I'm trying to used the cache
transformation for a dataset
. Here is my current code (simplified):
dataset = tf.data.TFRecordDataset(filenames, num_parallel_reads=1)
dataset = dataset.apply(tf.contrib.data.shuffle_and_repeat(buffer_size=5000, count=1))
dataset = dataset.map(_parser_a, num_parallel_calls=12)
dataset = dataset.padded_batch(
20,
padded_shapes=padded_shapes,
padding_values=padding_values
)
dataset = dataset.prefetch(buffer_size=1)
dataset = dataset.cache()
After the first epoch, I received the following error message:
The calling iterator did not fully read the dataset we were attempting to cache. In order to avoid unexpected truncation of the sequence, the current [partially cached] sequence will be dropped. This can occur if you have a sequence similar to
dataset.cache().take(k).repeat()
. Instead, swap the order (i.e.dataset.take(k).cache().repeat()
)
Then, the code proceeded and still read data from the hard drive instead of the cache. So, where should I place dataset.cache()
to avoid the error?
Thanks.
The implementation of the Dataset.cache()

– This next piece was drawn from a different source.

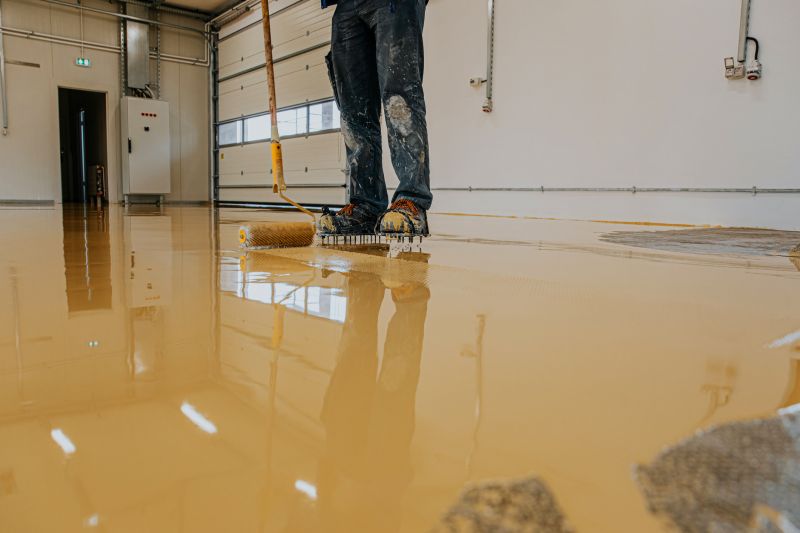 Epoxy Floor Coating Service in Raleigh, NC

transformation is fairly simple: it builds up a list of the elements that pass through it as you iterate over completely it the first time, and it returns elements from that list on subsequent attempts to iterate over it. If the first pass only performs a partial pass over the data then the list is incomplete, and TensorFlow doesn't try to use the cached data, because it doesn't know whether the remaining elements will be needed, and in general it might need to reprocess all the preceding elements to compute the remaining elements.
By modifying your program to consume the entire dataset, and iterate over it until tf.errors.OutOfRangeError
is raised, the cache will have a complete list of the elements in the dataset, and it will be used on all subsequent iterations.